The -d option to gzip indicates "decompress mode." If you prefer, you can use gunzip in place of gzip -d to do the same thing:

# gunzip tarball.tar.gz # tar xvf tarball.tar

You can also avoid the intermediate unzipped file by piping the output of gzip straight into tar:

# gzip -dc tarball.tar.gz | tar xv

In this case, the -c option to gzip tells it to keep the compressed file in place. By avoiding the full-sized version, disk space is saved. For even more convenience, avoid using gzip entirely and use the decompression capability in tar:^[6]

^[6] GNU tar offers compression; older tar programs didn't.

# tar zxvf tarball.tar.gz

14.3.2 Compiling Open Source Software

Once you've extracted the source code, you're ready to compile it. You'll need to have the appropriate tools available on your system, namely a configure script, the GNU C compiler, gcc, and the dependency checker, make.

14.3.2.1 configure

Most larger source code packages include a configure script^[7] located at the top of the source code tree. This script needs no modification or configuration from the user. When it executes, it examines your system to verify the existence of a compiler, libraries, utilities, and other items necessary for a successful compile. It uses the information it finds to produce a custom Makefile for the software package on your particular system. If configure finds that something is missing, it fails and gives you a terse but descriptive message. configure succeeds in most cases, leaving you ready to begin the actual compile process.

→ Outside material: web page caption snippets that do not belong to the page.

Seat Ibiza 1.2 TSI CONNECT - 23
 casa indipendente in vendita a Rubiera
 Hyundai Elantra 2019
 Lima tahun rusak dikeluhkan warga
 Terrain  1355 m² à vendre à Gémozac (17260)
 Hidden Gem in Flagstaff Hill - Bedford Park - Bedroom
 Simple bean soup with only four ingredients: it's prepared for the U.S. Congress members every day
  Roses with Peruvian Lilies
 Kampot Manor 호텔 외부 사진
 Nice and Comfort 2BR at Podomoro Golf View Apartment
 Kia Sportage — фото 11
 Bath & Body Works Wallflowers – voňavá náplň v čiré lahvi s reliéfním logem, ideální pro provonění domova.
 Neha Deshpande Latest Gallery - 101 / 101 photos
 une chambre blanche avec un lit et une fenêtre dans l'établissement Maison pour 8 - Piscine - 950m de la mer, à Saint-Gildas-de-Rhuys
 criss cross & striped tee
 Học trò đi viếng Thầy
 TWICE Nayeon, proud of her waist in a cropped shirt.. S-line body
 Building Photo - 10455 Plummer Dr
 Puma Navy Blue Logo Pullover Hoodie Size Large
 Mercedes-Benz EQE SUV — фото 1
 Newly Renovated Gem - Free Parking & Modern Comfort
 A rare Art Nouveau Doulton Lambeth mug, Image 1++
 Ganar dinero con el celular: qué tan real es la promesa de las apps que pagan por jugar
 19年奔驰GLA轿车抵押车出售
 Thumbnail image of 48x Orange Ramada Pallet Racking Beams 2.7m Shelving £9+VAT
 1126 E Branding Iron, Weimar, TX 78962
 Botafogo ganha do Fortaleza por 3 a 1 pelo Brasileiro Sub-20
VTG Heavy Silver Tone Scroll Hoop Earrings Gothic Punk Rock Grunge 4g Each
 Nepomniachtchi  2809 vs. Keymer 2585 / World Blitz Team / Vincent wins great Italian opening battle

^[7] configure is produced for you by the programmer using the autoconf utility. autoconf is beyond the scope LPIC Level 1 exams.

14.3.2.2 make

make is a utility for compiling software. When multiple source-code files are used in a project, it is rarely necessary to compile all of them for every build of the executable. Instead, only the source files that have changed since the last compilation really need to be compiled again.

make works by defining targets and their dependencies. The ultimate target in a software build is the executable file or files. They depend on object files, which in turn depend on source-code files. When a source file is edited, its date is more recent than that of the last compiled object. make is designed to automatically handle these dependencies and do the right thing.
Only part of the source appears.